The staff are all friendly and efficient. But they also walk around somewhat bemused, as if they were extras for a romantic comedy who had implausibly and without script found themselves landed on the set of a science fiction movie. Without a director. It would have been interesting to observe the cinema and its staff at a busier time, (the CJ Cinema review team never seems to find itself in a cinema on a busy weekend) but there is no question that attention has been paid to every detail, including staff training.
Proceed past the concessions cart – which very likely never gets wheeled into one of the eight “human sized” screens – and you’ll find yourself in a corridor that makes you question your senses. There are no sofas, no standees, no posters, nothing in fact that you would expect to find in a multiplex hallway. The solid white surfaces are all bathed in the same ethereal light, while the doors are all-mirror covered. (Sadly the doors don’t glide aside with a slight ‘woosh’ when you approach them.)
The trailers projected onto the side of the wall, the small screens that indicate the auditorium and the perplexed patrons wandering around are the only things that break up the purple dream. This is not a hall where you are meant to make yourself comfortable as you linger, but rather to float through on your way to the screen of your choice.
The cinema halls themselves are reassuringly more traditionally designed. The armchairs are large and comfortable while the projection and audio are both top quality – as you would expect from a new cinema. Exit lights do not distract (always a sign of good design). The major design point is the circle in the ceiling that serves as illumination between shows.
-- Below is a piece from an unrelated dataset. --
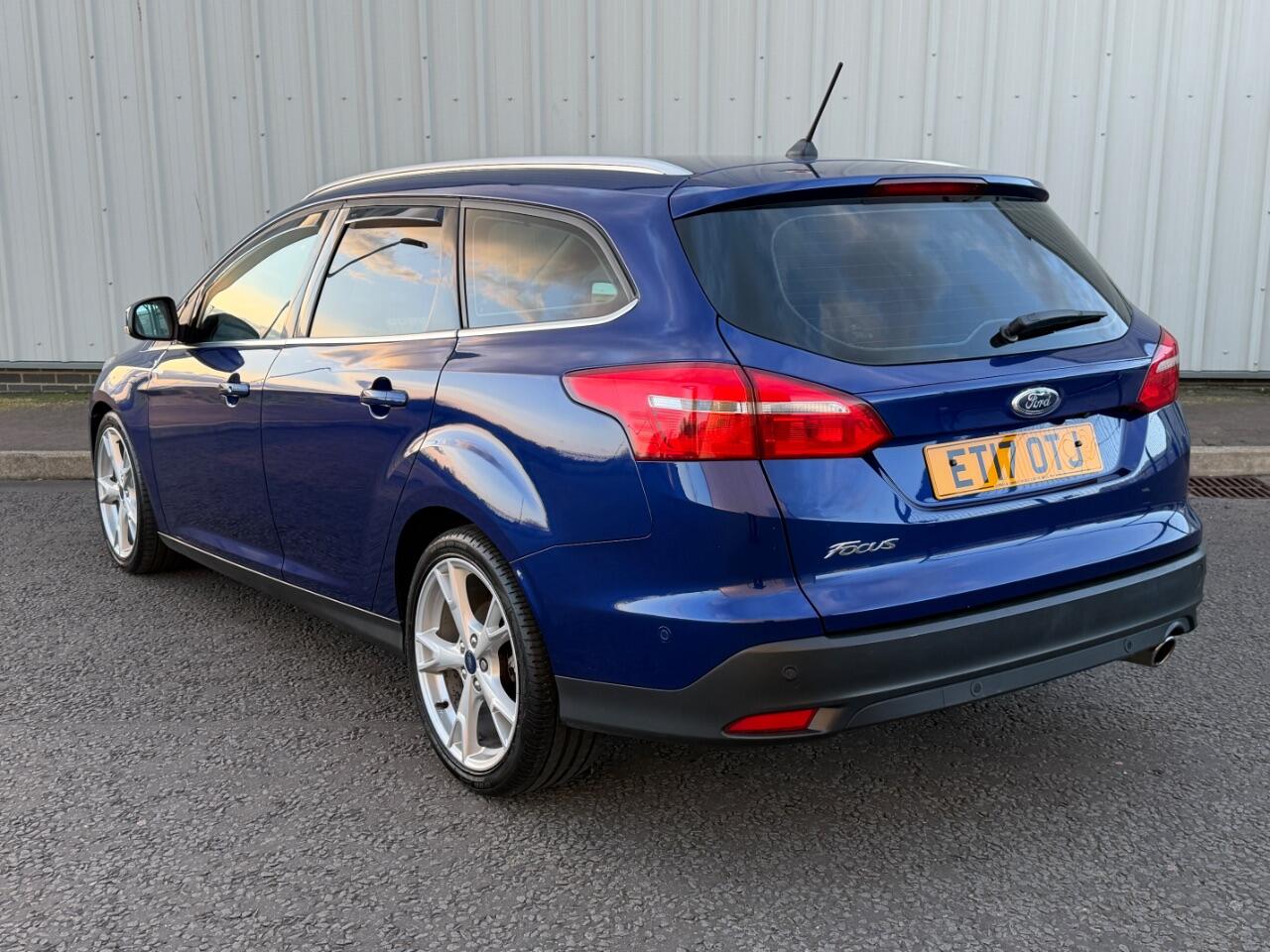 Ford Focus view 7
Once the film (“Fantastic Beasts and Where to Find Them” – with dual Flemmish/French subtitles) started you forget the design of the cinema and simply enjoy the film. Sadly there was no time to linger in the bar or on one of the seats in the public area around the box office, but down the long escalators and out for the long trek to the nearest train station connecting this part of town with Bruxelles Midi/Zuid.
White Cinema sometimes spells its name ‘WH TE Cinema’, as if to remove the ‘i’. It could be seen as a removal of the ‘i’ of iPhones, iPads and other iScreens distracting us from the big cinema screen. Yet it is clear that the White Cinema has applied as much of a thought through design aesthetic as any Apple store.
It is hard not to admire the White Cinema, what it represents and tries to achieve. Those living in Brussels could be understandably tempted away from the Kinepolis and UGCs (particularly the sad UGC in Galerie de la Toison d’Or!) to make the journey out to Docks Bruxel. It is a cinema trying to not just imagine the future, but to be that future too. It’s just that I’m not sure I want to be part of a future where popcorn is banned.
Celluloid Junkie selects the CJ Cinema of the Month based on our own independent survey. We always pay for our own tickets and popcorn (when there is popcorn!) and visit the cinema in a ‘mystery patron’ capacity in most cases. Whenever possible we take our own photographs of a cinema in lieu of corporate stock photos. Thus, sometimes you get authenticity at the expense of focus. Our impressions may be subjective, but we always try to be fair and factually accurate in everything being presented about one of the cinemas we have chosen.